Femmes et hommes côte à côte dans les orchestres symphonique d'ici. La question de parité est souvent lié au processus de sélection à l'aveugle des musiciens, une façon de faire qui permet de mettre de l'avant le talent, et ce, peu importe le sexe des artistes.

SAMUEL LAROCHELLE LA PRESSE

Au sein des orchestres symphoniques, la parité est perçue comme une heureuse surprise, et non un objectif. À Montréal (OSM, OM), Québec (OSQ) et Ottawa (CNA), le processus de sélection des musiciens est fait de manière à mettre le talent de l'avant, peu importe qu'il soit d'hommes ou de femmes.

L'orchestre du Centre national des arts compte 32 hommes et 23 femmes au total, dont 12 hommes et 10 femmes avec des titres (solo, assistant, associé). Le ratio est semblable à l'Orchestre Métropolitain (OM), où l'on trouve 25 femmes et 26 hommes. «Ça illustre qu'il y a du talent autant chez les hommes que chez les femmes, souligne Jean R. Dupré, président de l'OM. On est contents qu'il y ait parité, mais on ne devrait pas la viser en soi. Le talent doit primer.»

À l'Orchestre symphonique de Montréal (OSM), les hommes occupent plus d'espace: sur 84 musiciens, seuls 31 sont des femmes. Et parmi les 17 sections, seules deux femmes occupent un poste solo.

«C'est un hasard. Beaucoup de femmes sont associées ou deuxièmes dans leur section. Je suis ici depuis 43 ans et je n'ai jamais été témoin d'une déception parce qu'une femme aurait gagné une audition», indique Jean Gaudreault, directeur du personnel des musiciens de l'OSM.

Il y a actuellement 32 femmes et 29 hommes à l'Orchestre symphonique de Québec (OSQ). Selon Tristan Lemieux, directeur du personnel des musiciens, les chiffres varient d'année en année et la parité est souvent une réalité, grâce à un processus de sélection à l'aveugle. «Les auditions sont tenues derrière un écran du début à la fin, explique-t-il. Les membres du comité de sélection votent pour des numéros de candidats, sans connaître leur genre ou leur apparence. Ils se fient uniquement à la performance artistique.» Également réalisées derrière un rideau, les auditions de l'OSM impliquent un élément de plus: un tapis est installé de la porte d'entrée jusqu'à l'espace où se tiennent les auditions, pour éviter qu'un candidat portant des talons hauts soit identifié comme une femme. «Tout est entièrement contrôlé, souligne M. Gaudreault. Depuis l'avènement des cellulaires, les membres du jury n'y ont même plus accès 30 minutes avant les auditions, pour éviter les communications entre eux ou avec l'extérieur.»

L'Orchestre Métropolitain est encore formé de plusieurs membres fondateurs qui y sont depuis 1980. N'empêche, les nouveaux venus passent eux aussi par un processus de sélection derrière un rideau.

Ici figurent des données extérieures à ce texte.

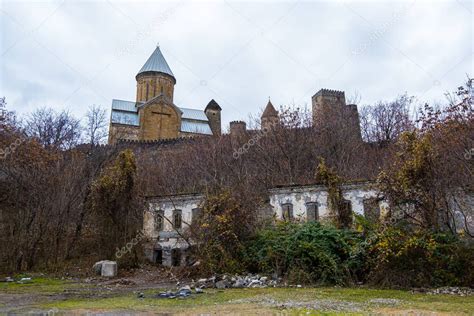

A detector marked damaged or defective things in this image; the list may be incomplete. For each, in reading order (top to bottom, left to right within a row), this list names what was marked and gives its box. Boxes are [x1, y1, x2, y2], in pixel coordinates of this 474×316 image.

Sauf pour la ronde finale. «On veut interagir avec la personne pour voir si elle est à l'aise et si elle dégage une énergie positive lors de sa performance, précise M. Dupré. Plusieurs orchestres retirent aussi le rideau lors de la dernière étape. C'est le cas entre autres au Philharmonique de Los Angeles.»

Cela dit, lorsque les auditions pour un poste sont réalisées à l'interne et que les juges connaissent les candidats depuis des années, des précautions supplémentaires s'imposent. «Avec le temps, on peut reconnaître certains aspects du son des musiciens, leur façon de marcher ou de respirer, explique M. Lemieux. Avant les auditions, on leur demande donc d'éviter tout bruit, autre que la musique, qui pourrait permettre à quelqu'un de les reconnaître de façon fortuite.»

Une réflexion américaine

Le directeur du personnel des musiciens de l'OSM croit que le milieu des orchestres est difficilement comparable à d'autres, quand il est question de parité. «Je pourrais affirmer que ce serait extraordinaire d'avoir un ratio de 50-50 entre les hommes et les femmes, mais on n'a aucun contrôle là-dessus, dit Jean Gaudreault. Si on atteignait ce résultat, ce serait une coïncidence.»

La représentation de la diversité est une réflexion particulièrement américaine, aux yeux de Tristan Lemieux. «Aux États-Unis, plusieurs orchestres réalisent un travail d'éducation à la musique auprès des publics de tous les âges et de nombreuses communautés culturelles. Ils accordent entre autres des bourses d'études afin de soutenir des musiciens issus des minorités culturelles, qui pourront à leur tour servir de modèles. On se pose moins la question au Canada. Peut-être qu'on devrait...»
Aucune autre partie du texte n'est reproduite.